I will try to explain my data as good as possible. So we taged 13 different whales with a tag that records time, depth, speed, angle of descent and ascent 25 samples every second. The normal diving behaviour of these animals is one deep dive of one hour to 1200 meters followed by a series of 3-7 shallow dives of 20 minutes up to 300 m. Because the tag not always stays the same time in each animal, my data is unbalanced and some tag records have one deep dive and 6 shallow dives while other records have 7 deep dives and 26 shallow dives. I divided each dive in units of 30 seconds. for each unit I have the next data: whale number, dive number, total number of fluke strokes in the 30 seconds unit of analysis, mean of the sin of the angle during the 30 seconds unit, swim speed, dive type(ascent or descent), dive direction( if it is a descent or an ascent) and time since the start of the dive and finally my variable response which is presence or absence of one type of fluke stroke called stroke type B.

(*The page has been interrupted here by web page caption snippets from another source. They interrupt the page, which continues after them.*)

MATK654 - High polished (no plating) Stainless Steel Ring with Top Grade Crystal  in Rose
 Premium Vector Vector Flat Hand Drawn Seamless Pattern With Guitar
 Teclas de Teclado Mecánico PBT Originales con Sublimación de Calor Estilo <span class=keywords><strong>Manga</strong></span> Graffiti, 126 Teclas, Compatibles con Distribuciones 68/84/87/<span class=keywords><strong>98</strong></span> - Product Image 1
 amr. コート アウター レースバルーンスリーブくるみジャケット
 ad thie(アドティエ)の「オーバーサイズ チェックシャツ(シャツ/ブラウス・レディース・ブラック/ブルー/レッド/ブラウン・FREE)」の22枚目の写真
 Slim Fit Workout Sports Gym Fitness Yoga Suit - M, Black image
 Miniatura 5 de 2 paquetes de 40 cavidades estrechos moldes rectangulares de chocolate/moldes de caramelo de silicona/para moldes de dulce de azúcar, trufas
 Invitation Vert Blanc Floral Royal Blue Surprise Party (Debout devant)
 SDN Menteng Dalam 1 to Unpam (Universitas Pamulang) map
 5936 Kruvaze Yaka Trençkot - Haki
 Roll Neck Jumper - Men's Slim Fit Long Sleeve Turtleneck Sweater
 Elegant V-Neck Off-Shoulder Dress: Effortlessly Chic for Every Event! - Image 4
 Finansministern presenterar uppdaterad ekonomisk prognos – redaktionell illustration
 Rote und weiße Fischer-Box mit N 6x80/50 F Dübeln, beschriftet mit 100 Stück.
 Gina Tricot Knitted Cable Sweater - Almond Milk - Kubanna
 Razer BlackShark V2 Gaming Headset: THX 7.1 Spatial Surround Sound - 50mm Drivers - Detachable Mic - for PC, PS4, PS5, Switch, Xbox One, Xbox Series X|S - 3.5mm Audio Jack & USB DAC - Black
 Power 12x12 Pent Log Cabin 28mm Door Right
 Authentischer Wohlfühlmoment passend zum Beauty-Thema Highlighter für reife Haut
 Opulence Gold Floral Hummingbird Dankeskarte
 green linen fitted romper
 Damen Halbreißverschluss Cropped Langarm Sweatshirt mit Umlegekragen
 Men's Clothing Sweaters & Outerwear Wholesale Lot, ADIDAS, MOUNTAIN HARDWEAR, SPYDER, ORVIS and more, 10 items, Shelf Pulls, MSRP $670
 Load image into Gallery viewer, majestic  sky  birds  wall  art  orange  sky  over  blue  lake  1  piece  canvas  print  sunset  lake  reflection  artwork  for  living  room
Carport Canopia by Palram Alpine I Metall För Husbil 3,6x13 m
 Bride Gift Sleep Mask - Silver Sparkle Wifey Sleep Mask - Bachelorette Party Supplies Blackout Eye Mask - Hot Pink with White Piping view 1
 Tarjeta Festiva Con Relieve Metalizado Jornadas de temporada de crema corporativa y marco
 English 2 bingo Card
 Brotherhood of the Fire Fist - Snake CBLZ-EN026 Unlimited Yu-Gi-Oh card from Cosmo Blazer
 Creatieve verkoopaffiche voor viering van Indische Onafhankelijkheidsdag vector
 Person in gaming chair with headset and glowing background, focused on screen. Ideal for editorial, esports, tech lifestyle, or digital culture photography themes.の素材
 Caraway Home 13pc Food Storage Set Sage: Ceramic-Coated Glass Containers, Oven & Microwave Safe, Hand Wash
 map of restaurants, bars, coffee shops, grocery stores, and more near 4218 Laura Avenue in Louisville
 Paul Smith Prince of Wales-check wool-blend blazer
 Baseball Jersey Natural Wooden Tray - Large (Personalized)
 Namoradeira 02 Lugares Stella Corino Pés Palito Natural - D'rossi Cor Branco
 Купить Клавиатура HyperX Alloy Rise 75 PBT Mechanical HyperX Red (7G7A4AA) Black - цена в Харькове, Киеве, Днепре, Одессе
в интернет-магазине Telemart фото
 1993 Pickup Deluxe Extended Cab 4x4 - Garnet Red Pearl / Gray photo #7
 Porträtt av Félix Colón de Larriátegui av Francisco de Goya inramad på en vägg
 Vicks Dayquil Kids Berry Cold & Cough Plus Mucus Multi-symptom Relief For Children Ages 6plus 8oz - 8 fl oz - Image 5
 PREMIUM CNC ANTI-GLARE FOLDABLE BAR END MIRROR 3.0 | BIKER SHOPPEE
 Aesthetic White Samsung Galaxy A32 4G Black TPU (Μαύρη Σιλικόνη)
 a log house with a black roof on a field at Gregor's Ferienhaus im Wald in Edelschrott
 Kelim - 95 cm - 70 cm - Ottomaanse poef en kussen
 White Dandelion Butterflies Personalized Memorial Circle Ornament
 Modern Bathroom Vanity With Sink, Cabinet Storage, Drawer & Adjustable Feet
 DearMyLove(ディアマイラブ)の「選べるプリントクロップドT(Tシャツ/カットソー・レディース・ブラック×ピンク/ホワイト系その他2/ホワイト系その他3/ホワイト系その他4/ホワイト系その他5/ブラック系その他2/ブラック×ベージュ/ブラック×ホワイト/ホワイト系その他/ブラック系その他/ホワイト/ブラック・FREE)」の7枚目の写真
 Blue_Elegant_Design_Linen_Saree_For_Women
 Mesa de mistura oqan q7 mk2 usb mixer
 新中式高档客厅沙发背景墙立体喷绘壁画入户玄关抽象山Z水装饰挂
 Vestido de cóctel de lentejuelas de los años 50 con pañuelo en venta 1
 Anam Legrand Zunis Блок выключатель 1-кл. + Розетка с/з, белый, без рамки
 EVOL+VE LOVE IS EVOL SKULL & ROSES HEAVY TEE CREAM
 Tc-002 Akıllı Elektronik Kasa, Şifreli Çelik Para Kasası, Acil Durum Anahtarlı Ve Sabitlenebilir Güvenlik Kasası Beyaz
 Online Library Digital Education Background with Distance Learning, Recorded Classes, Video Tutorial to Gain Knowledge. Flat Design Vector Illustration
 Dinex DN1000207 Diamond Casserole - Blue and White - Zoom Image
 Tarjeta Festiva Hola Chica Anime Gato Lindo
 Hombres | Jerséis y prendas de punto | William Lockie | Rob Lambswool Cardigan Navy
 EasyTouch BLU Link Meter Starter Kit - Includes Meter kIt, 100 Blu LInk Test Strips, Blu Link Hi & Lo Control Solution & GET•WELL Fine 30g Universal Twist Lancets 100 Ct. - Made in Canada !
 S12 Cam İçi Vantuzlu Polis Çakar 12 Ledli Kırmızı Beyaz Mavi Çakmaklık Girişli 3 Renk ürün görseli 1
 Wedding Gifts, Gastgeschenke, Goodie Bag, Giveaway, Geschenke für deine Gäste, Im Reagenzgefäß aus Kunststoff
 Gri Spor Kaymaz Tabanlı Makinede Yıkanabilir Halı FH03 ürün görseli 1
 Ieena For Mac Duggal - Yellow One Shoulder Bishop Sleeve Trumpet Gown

I think there has to be some autocorrelation between each 30 seconds unit of analyis and need to include it in my model but do not know how!
I am interested to know what affects the presence or absence of the type B stroke (which is a binomial variable with 0 and 1) so I decide to use a binomial glmm with whale number as a random effect. I included as well dive number within whale as a random effect.
here is the model.
glmm114<-lmer (StrokeB~ Time * Depth+SINP+flukes*Depth+speed+(1|whale_number)+(0+dive_number|whale_number),data=Luciadeepas, family = binomial)
this is my final model after taking out the non significative variables, the problem is that due to the interaction a problem appears saying
The false convergence warning message (8)
I looked on internet and it says is a common problem, and some people says that it doesnt make any change in the output while others says that each variable has to be divided by 100. but when I do this then the variables that become significant doesnt make any sense.